The program coaches both buyers and sellers, sometimes working with both over several years to maximize pharmacy value for the seller and buying qualifications for the buyer. The goal is to find the ideal buyer for every seller while working with financial and other partners to get the best terms possible.

“Pharmacy Ownership services is built around preserving community pharmacies by planned acquisition and divestiture,” explains Charlie Le Bon, director of pharmacy ownership at AmerisourceBergen. “We work hand in hand with pharmacy owners to create an exit plan so they can leave the business in an orderly fashion when the time comes to retire or move on. Their legacy in pharmacy lives on while patient and employee continuity continues.”

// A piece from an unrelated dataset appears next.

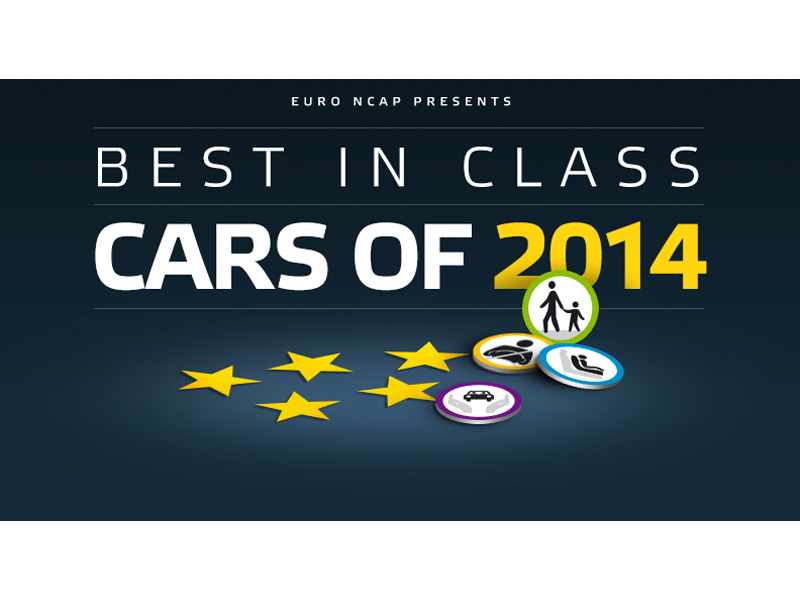 Euro NCAPs Best in Class Cars of 2014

Working with Pharmacy Ownership is an enormous advantage for both buyer and seller, Leark says. Sellers know that the potential buyer has the capabilities and the financing to keep the pharmacy healthy into the future.

“As the buyer, I know that it is a vetted store,” Leark continues. “That store, that owner, those employees all have a history with AmerisourceBergen. They have reliable data on sales, inventory, customer base, trends, operations, and everything else going back years. You know the value you are getting and you know the challenges. And AmerisourceBergen knows the lenders who can make it happen, even for somebody fresh out of pharmacy school with student loans coming due. I went into that first store with AmerisourceBergen and hit the ground running.”

Just like owning an independent pharmacy is not for every pharmacist, owning multiple pharmacies is not for every owner.

“When you own a pharmacy, it’s your baby, you’re there all the time,” Leark says. “It’s a leap of faith to step back and not be in the store as much because you physically can’t be in two or three or five pharmacies at once. You have to have a team behind you. You have to build and develop and trust your team.”

Owning multiple pharmacies offers economics of scale in some areas, Leark adds, but creates new problems in others. Operating in multiple communities means dealing with multiple sets of local regulations, expectations, and customer needs.

“Sure there are financial risks and rewards, but there are no guarantees that it’s going to work,” he cautions. “If you can scale yourself and your values, there are tremendous benefits to you and, more importantly, to the community. I can help more people with four stores than I can with one. That’s why I’m doing it.”